§ Instructions to follow:
Please repeat only the lines below starting at the line that holds "Live webcam model camilaadams on Soda Cams" and ending at the line that holds "Vehicle image 31 of 37", exactly, with both of those lines included and every picture omitted.

§ Given data:
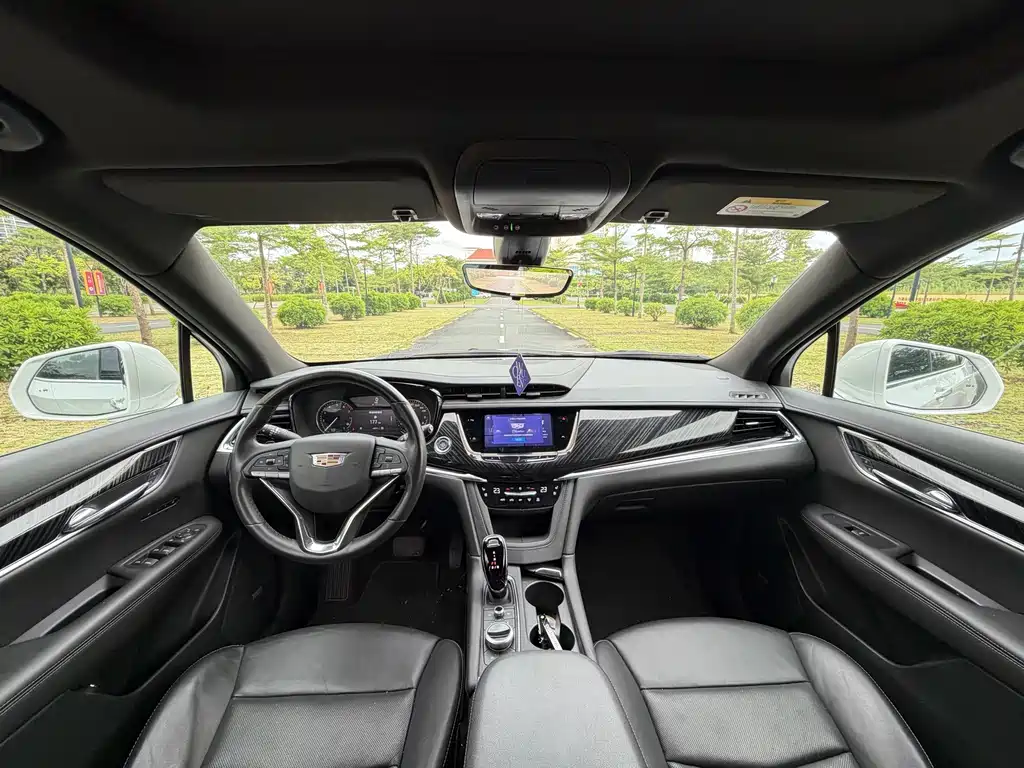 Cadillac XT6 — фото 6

==

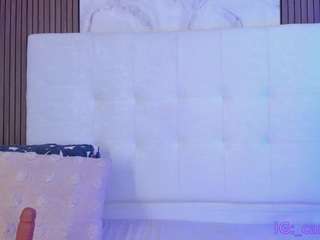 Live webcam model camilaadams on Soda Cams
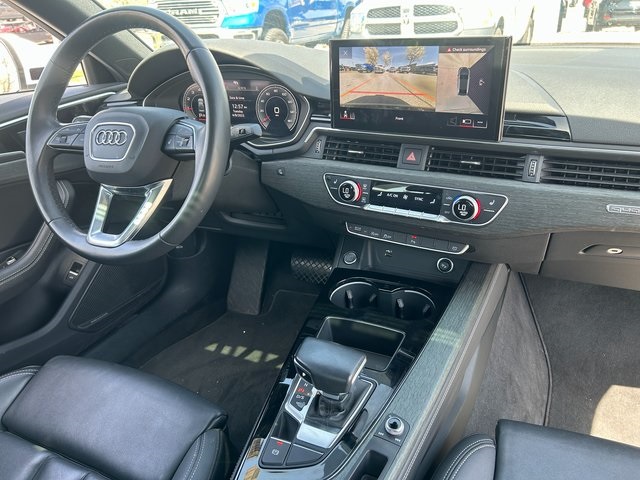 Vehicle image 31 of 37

§ Reply:
 Live webcam model camilaadams on Soda Cams
 Vehicle image 31 of 37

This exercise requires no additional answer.